* Information provided *
--- --- ---

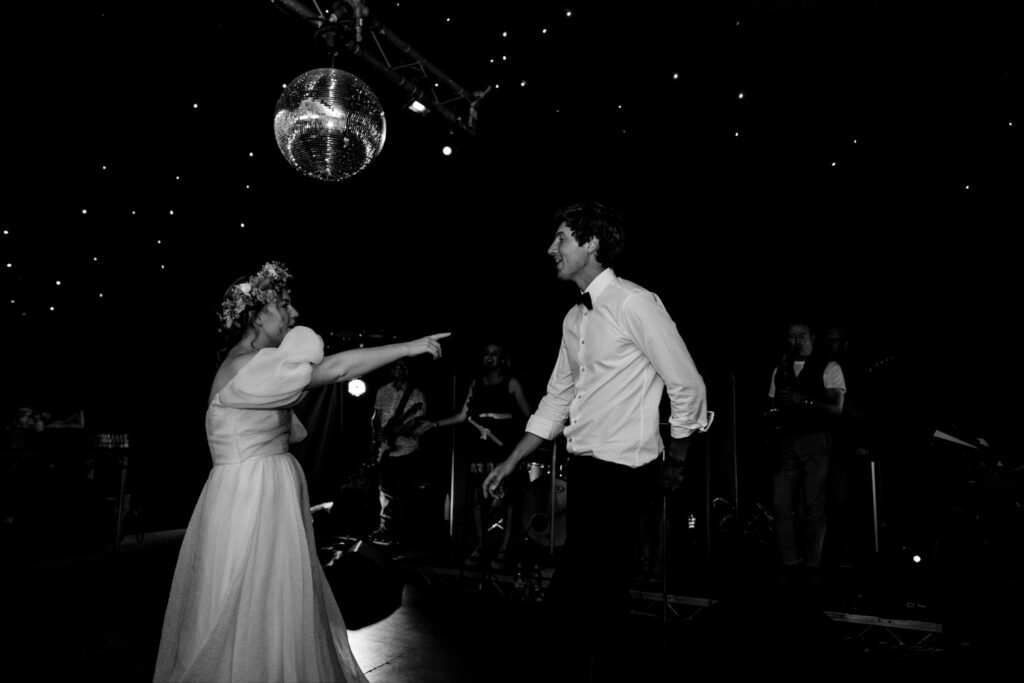 A bride and groom dance together at their alternative style wedding day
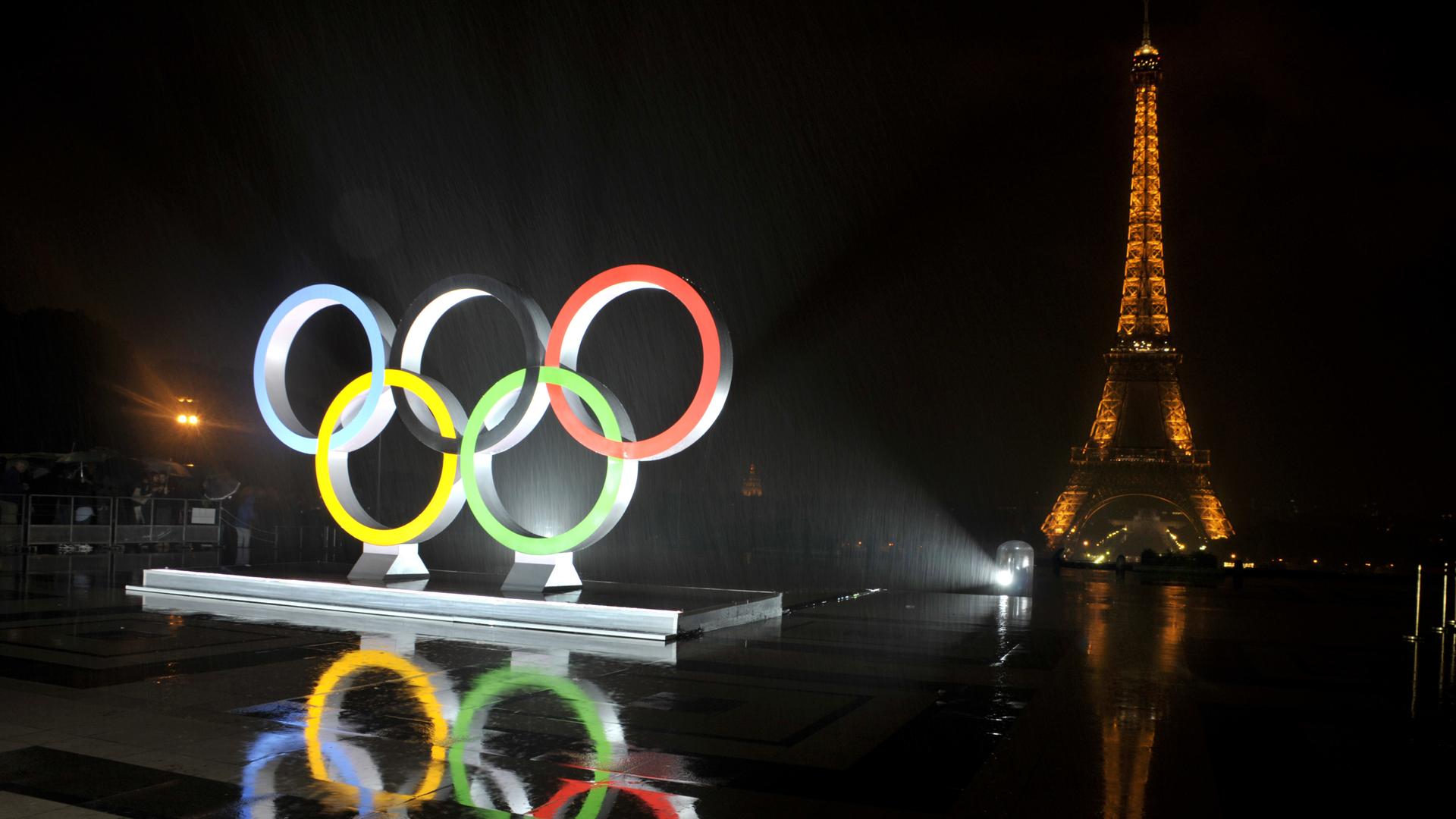 Die erleuchteten olympischen Ringe vor dem Eiffelturm Die erleuchteten olympischen Ringe vor dem Eiffelturm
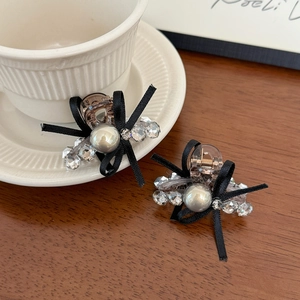 Exquisite mini hair claws with black ribbon bows and pearls on a warm wooden surface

--- --- ---

* Task brief *
Restate the listing word for word, pictures excluded.

* Exercise response *
 A bride and groom dance together at their alternative style wedding day
 Die erleuchteten olympischen Ringe vor dem Eiffelturm Die erleuchteten olympischen Ringe vor dem Eiffelturm
 Exquisite mini hair claws with black ribbon bows and pearls on a warm wooden surface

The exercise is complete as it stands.